Basically, the FHA has taken on a vast expansion, and with that expansion it has taken on a lot more risk. The 90+ late and foreclosure rate of FHA loans is now at 7.8% according to the Mortgage Bankers Association, and this is only expected to rise since those who take out FHA loans generally have very little downpayment, and their average credit scores are lower than the prime borrowers. Unemployment has not stopped rising and the economy isn’t totally recovered. The FHA currently insures about 5.2 million according to its website, and 7.8% means that about 405,000 of these loans are practically lost. Additionally, there are another 400 to 500k borrowers that have missed at least one payment. Since the value of the FHA reserve funds are going to fall below 2% of the value of the insured loans, it is hard to imagine how the agency would cover all the losses when they come due unless all the loans that defaulted have balances much much lower than the average loan. It is pretty simple math when you think about it.
I really do not see how the FHA could build up its reserve fund in two to three years when the foreclosure rate of the loans it is insuring is not exactly decreasing. The FHA is insuring many more loans than before, but those new loans are also defaulting and draining the reserve funds. You have to remember that the insurance premium is very small, so in many instances the FHA is using the premiums from 20 to 30 homes to repay the lender for one default. That is only sustainable if the default rate is very small, but a 30 day late rate of 17% is not exactly encouraging.
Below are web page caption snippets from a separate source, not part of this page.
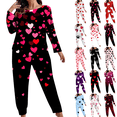 thumbnail image 1 of Plus Size Pajamas for Women Set Long Sleeve Tops and Pants 2 Piece Matching Sets Sleepwear Floral Print Soft Cozy Loungewear Pajamas, 1 of 7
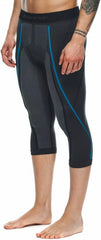 Dainese Dry Pants 3/4 Black/Blue | 201916023-607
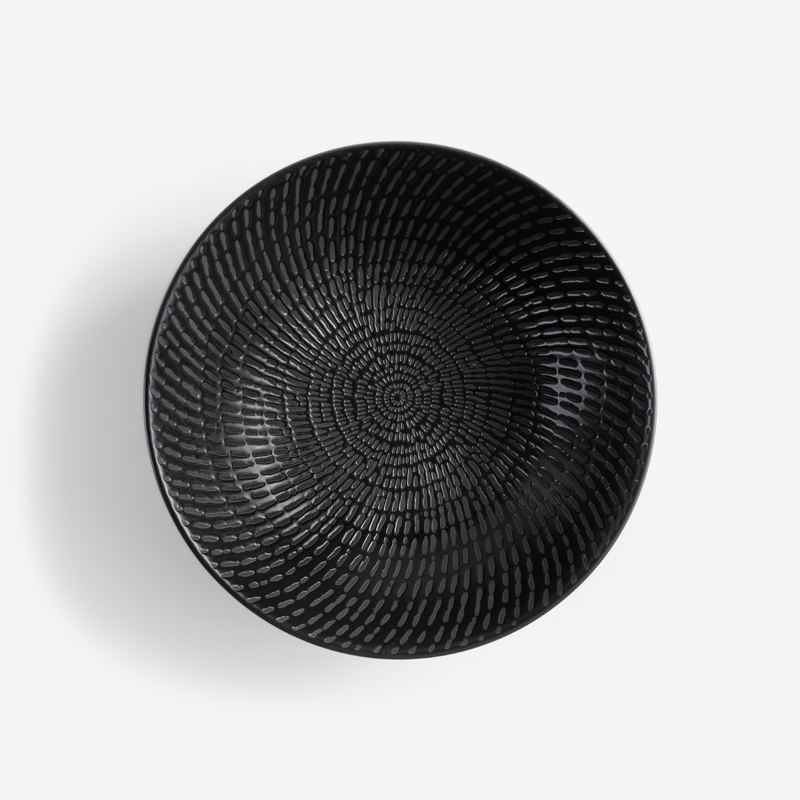 日式 旋紋流星 20.5cm 陶瓷圓碗｜單品_2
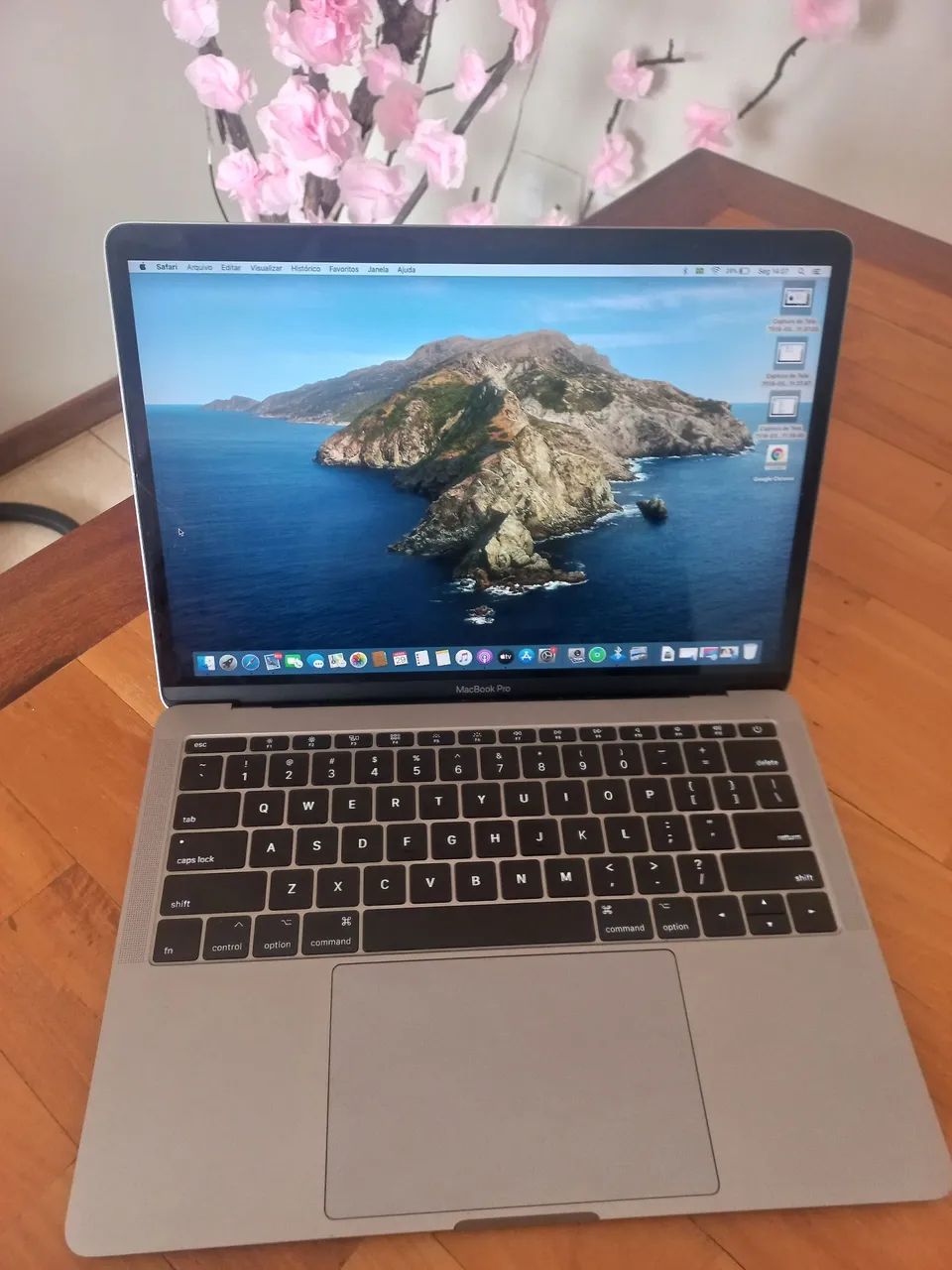 Macbook Pro 13'' 2017 Intel i5 8gb ram 256gb Mod A1708 Prateado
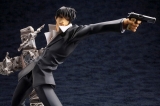 Оригинальная аниме фигурка «ARTFX J Movie Trigun Badlands Rumble Nicholas D. Wolfwood Renewal Package ver. Figure»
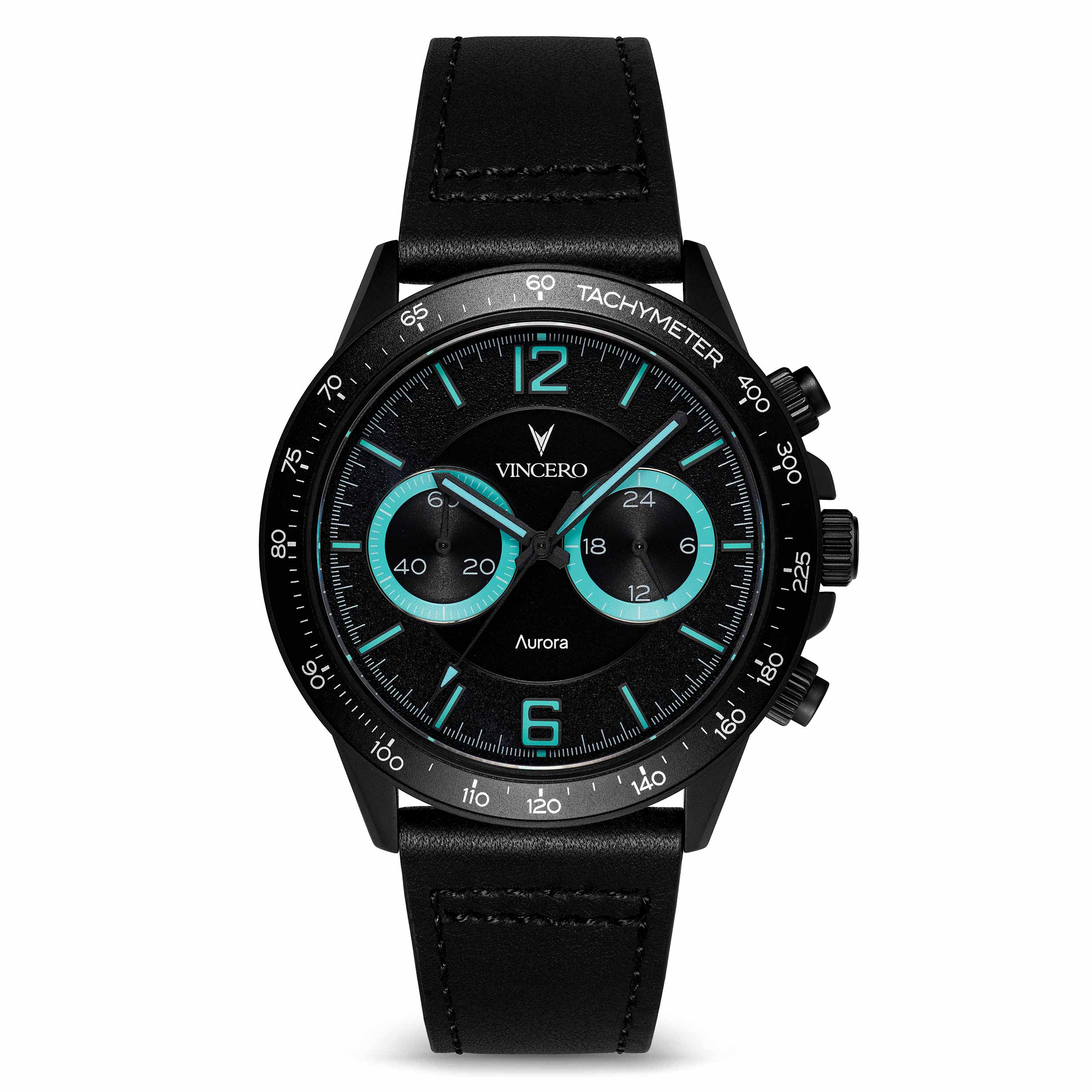 The Apex Aurora Nights watch featuring a bold 42mm face and deep color finish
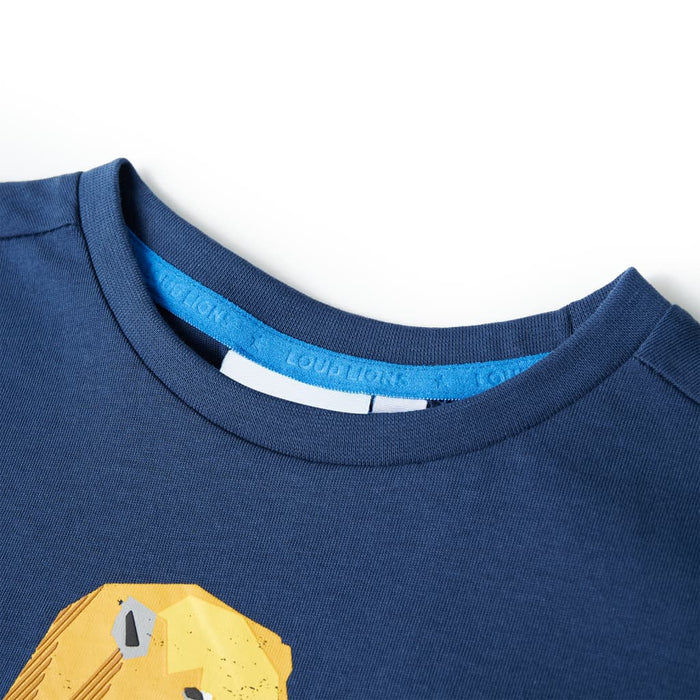 Tricou pentru copii, albastru închis, 116 WALTI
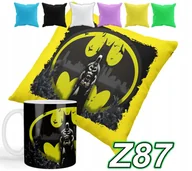 Gadżety dla niej i dla niego - ZESTAW KUBEK + POSZEWKA Z NADRUKIEM PREZENT BATMAN DC RÓŻNE + IMIĘ - miniaturka - grafika 1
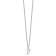 Rhodium Over Sterling Silver Cutout Letter F Initial Necklace
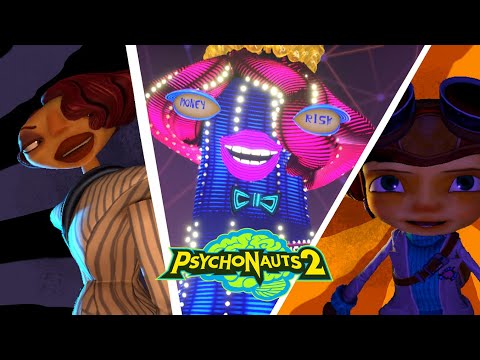 Raz and The Interns Infiltrating The Lady Luctopus Casino – Psychonauts 2 (PS5)[1080p60fps]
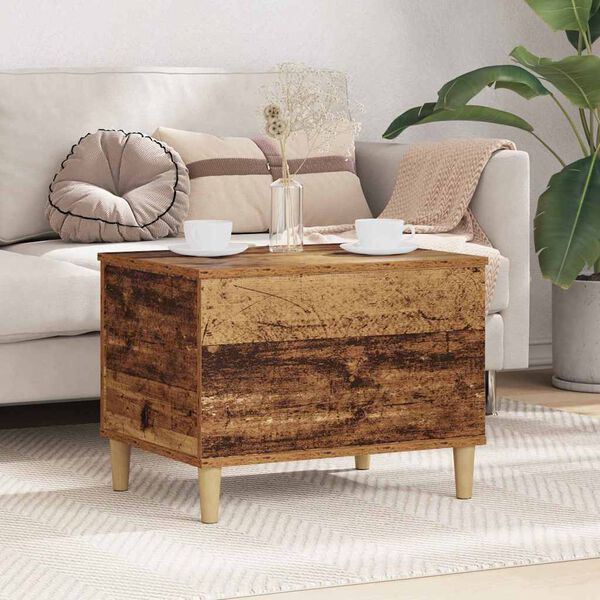 vidaXL Bedside Cabinet Old Wood 60 x 44.5 x 45 cm Engineered Wood
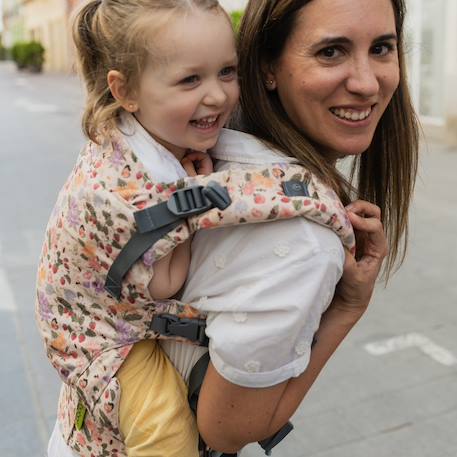 Porte bébé boba x arcadia Jaune 5 - vertbaudet enfant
Anyway, the FHA does not expect to increase its insurance premium rates or downpayment limits, but it is requiring audits of the lenders that send loans to the FHA to prevent fraud. I would have thought that those audits were already happening, but I guess not. If the FHA really wants to decrease the amount of its defaults it would need to increase its downpayment limits so that people have more equity in their homes, but I don’t really see that happening. Eventually this agency is going to need a bailout. They may not call it a bailout, but I think it is pretty much inevitable unless the FHA changes course drastically.